> _Input for this task_

──────────────────────────────

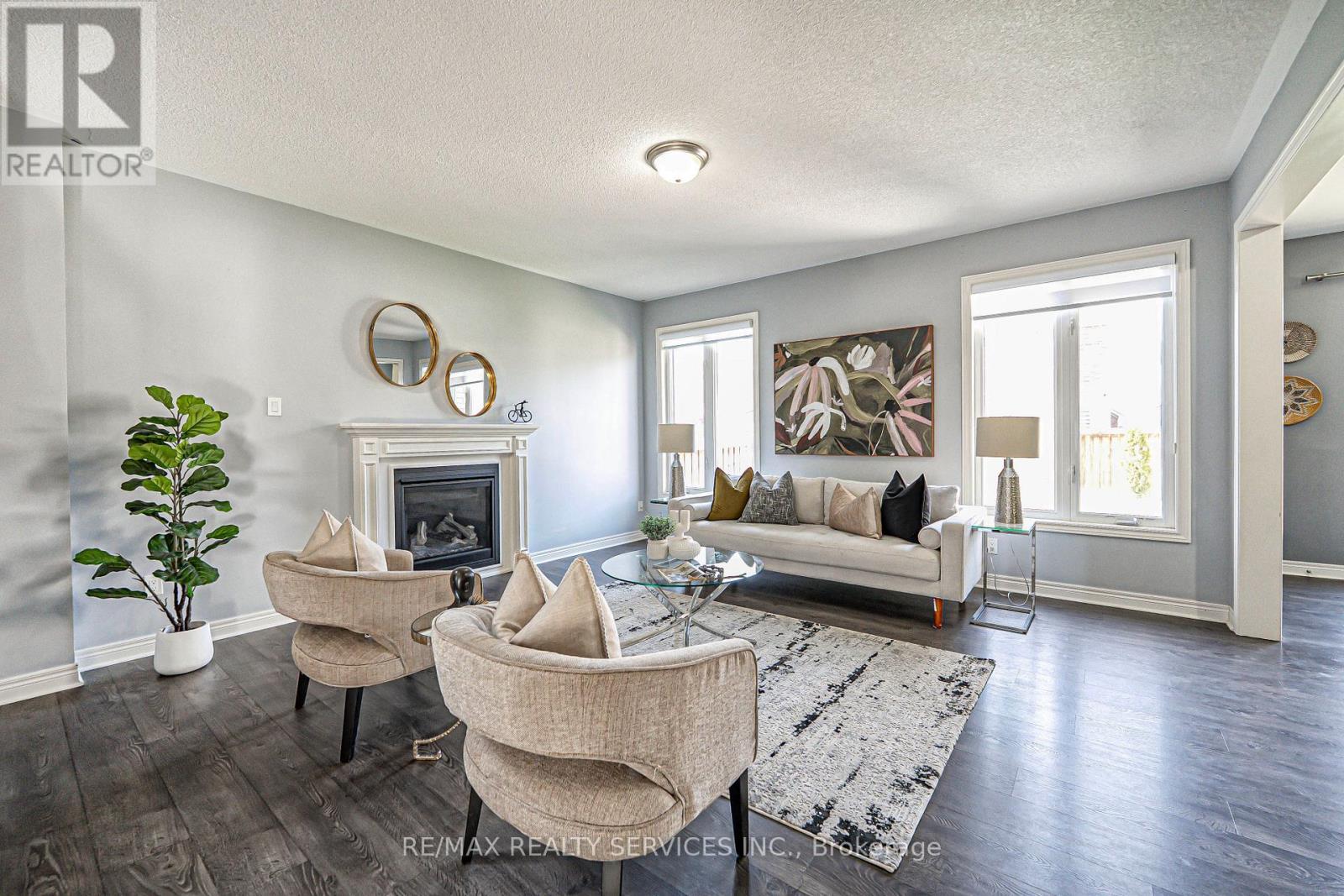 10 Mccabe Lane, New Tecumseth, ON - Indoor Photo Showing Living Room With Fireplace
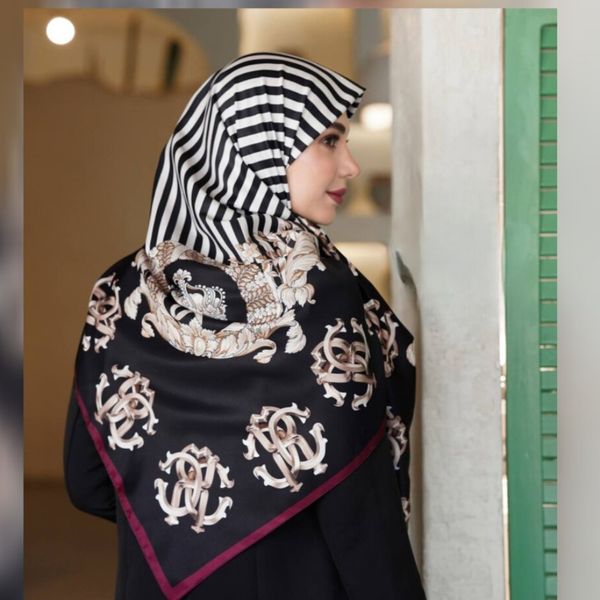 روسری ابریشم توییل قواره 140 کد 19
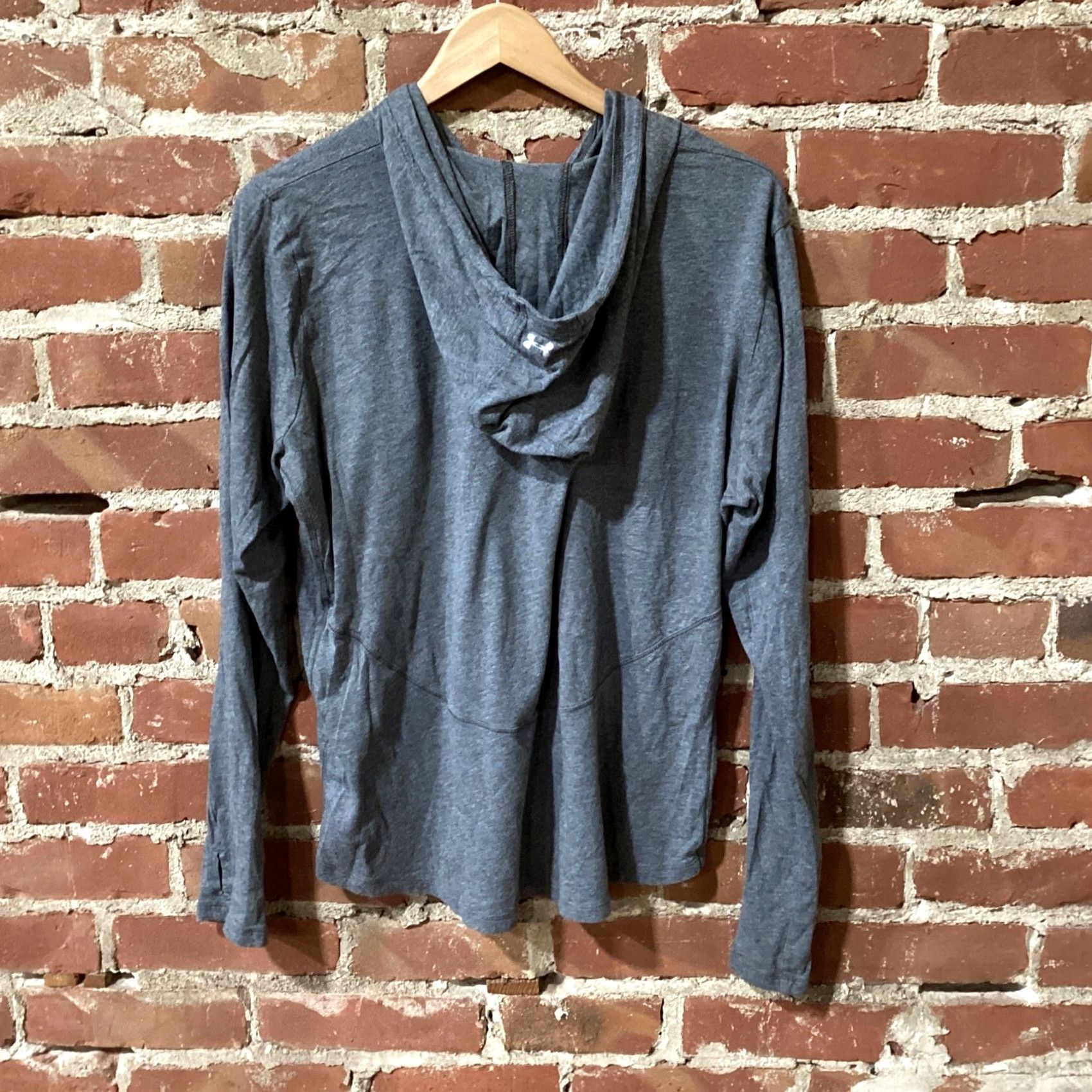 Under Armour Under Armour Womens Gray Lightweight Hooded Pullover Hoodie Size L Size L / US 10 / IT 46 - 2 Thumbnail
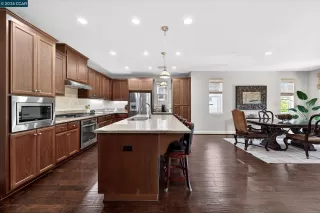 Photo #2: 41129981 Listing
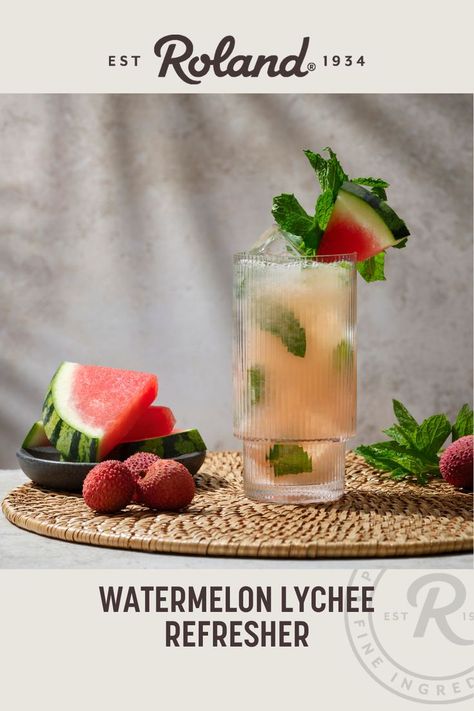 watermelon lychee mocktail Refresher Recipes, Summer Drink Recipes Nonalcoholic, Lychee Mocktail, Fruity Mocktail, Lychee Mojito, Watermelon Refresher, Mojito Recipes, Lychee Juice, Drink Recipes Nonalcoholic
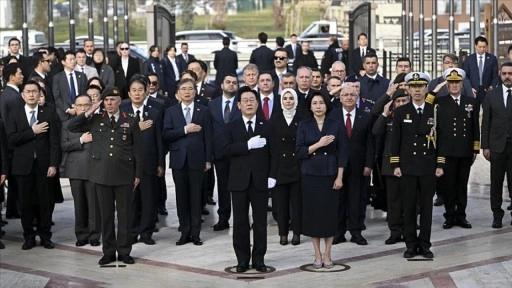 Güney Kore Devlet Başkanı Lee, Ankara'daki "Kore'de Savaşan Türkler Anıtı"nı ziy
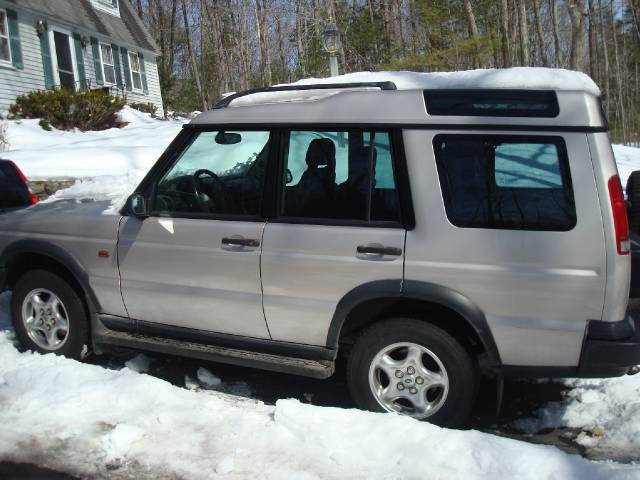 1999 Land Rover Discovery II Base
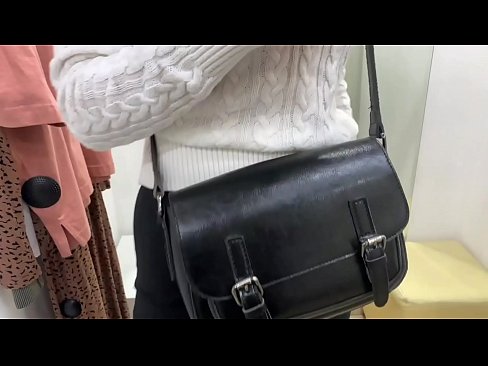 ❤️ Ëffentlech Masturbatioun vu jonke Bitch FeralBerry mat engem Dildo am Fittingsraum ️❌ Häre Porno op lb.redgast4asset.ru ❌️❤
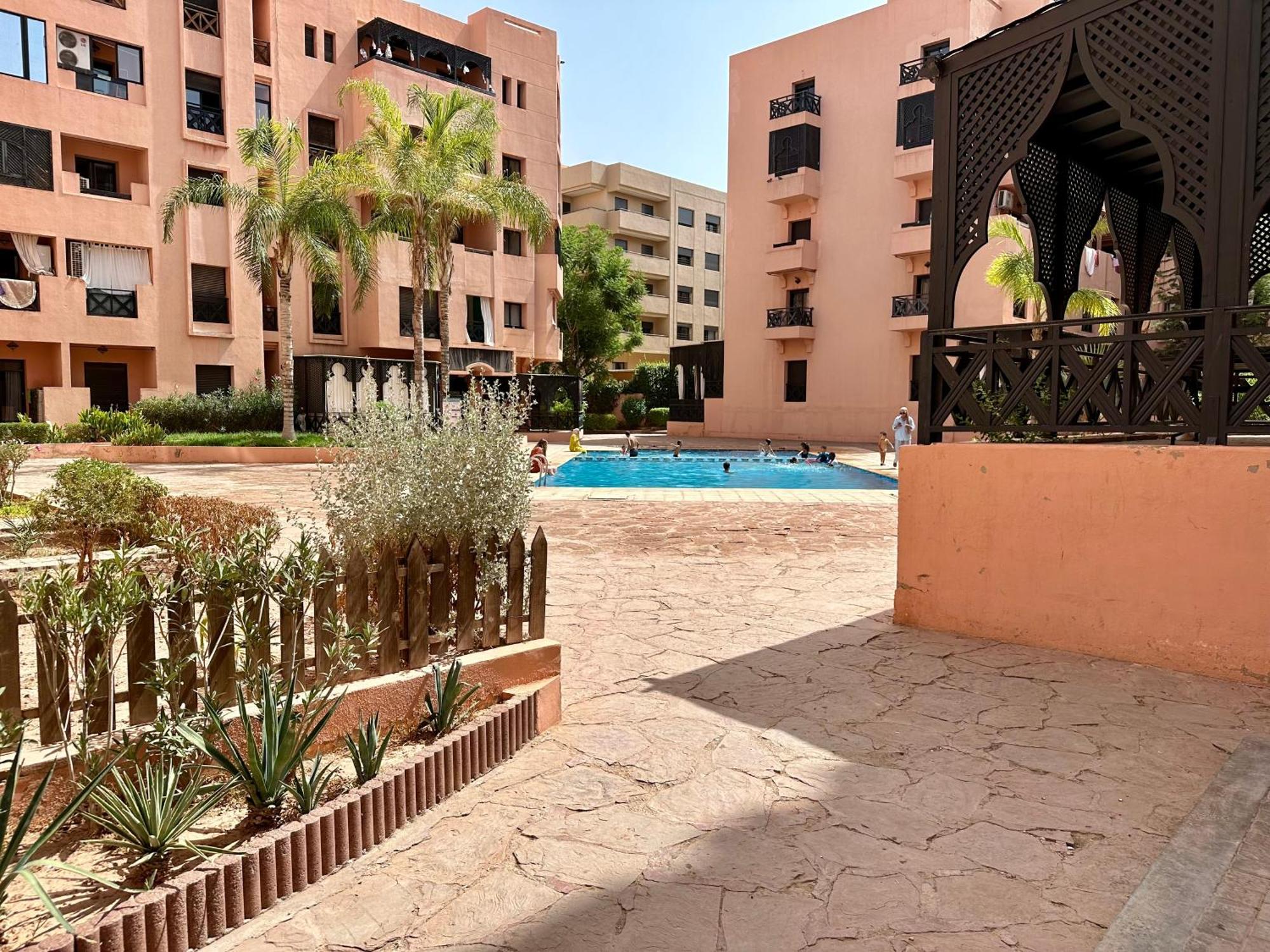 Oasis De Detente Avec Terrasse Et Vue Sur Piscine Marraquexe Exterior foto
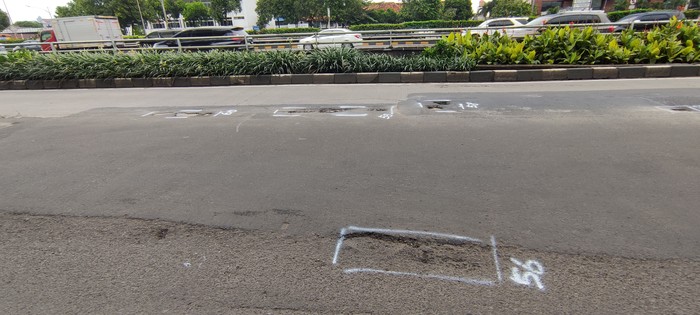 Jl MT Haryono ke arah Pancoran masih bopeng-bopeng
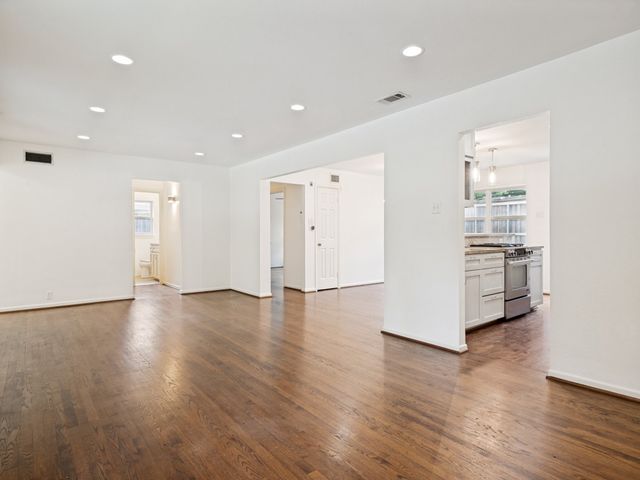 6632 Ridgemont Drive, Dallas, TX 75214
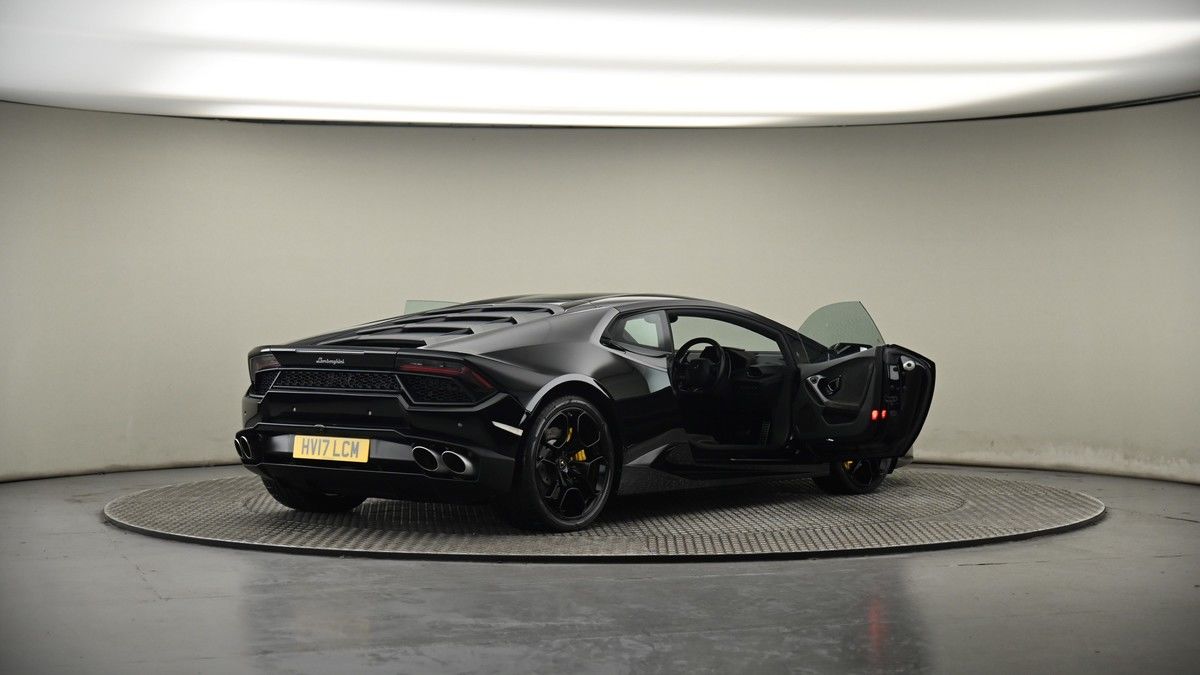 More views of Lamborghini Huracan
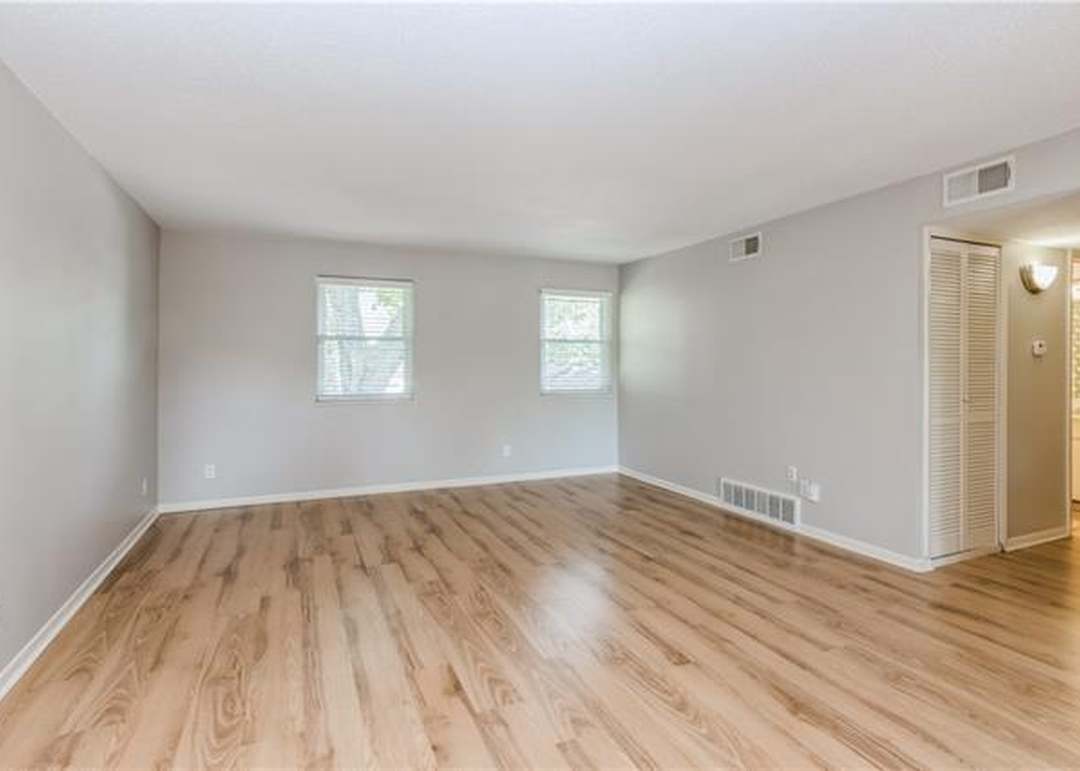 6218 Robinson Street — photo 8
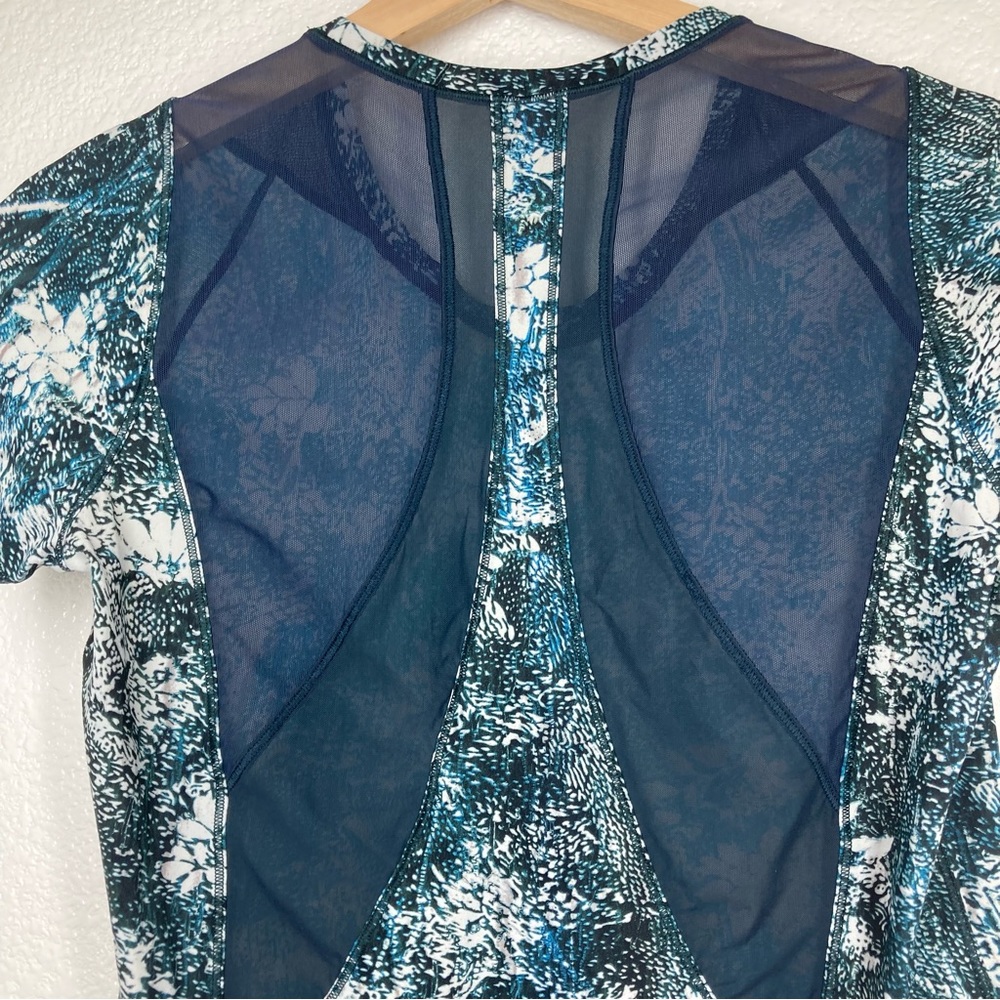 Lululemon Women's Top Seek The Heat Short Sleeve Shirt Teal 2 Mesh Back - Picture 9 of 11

──────────────────────────────

> _About this exercise_
This task calls for an exact copy of the data above, without pictures.

> _Finished exercise_
 10 Mccabe Lane, New Tecumseth, ON - Indoor Photo Showing Living Room With Fireplace
 روسری ابریشم توییل قواره 140 کد 19
 Under Armour Under Armour Womens Gray Lightweight Hooded Pullover Hoodie Size L Size L / US 10 / IT 46 - 2 Thumbnail
 Photo #2: 41129981 Listing
 watermelon lychee mocktail Refresher Recipes, Summer Drink Recipes Nonalcoholic, Lychee Mocktail, Fruity Mocktail, Lychee Mojito, Watermelon Refresher, Mojito Recipes, Lychee Juice, Drink Recipes Nonalcoholic
 Güney Kore Devlet Başkanı Lee, Ankara'daki "Kore'de Savaşan Türkler Anıtı"nı ziy
 1999 Land Rover Discovery II Base
 ❤️ Ëffentlech Masturbatioun vu jonke Bitch FeralBerry mat engem Dildo am Fittingsraum ️❌ Häre Porno op lb.redgast4asset.ru ❌️❤
 Oasis De Detente Avec Terrasse Et Vue Sur Piscine Marraquexe Exterior foto
 Jl MT Haryono ke arah Pancoran masih bopeng-bopeng
 6632 Ridgemont Drive, Dallas, TX 75214
 More views of Lamborghini Huracan
 6218 Robinson Street — photo 8
 Lululemon Women's Top Seek The Heat Short Sleeve Shirt Teal 2 Mesh Back - Picture 9 of 11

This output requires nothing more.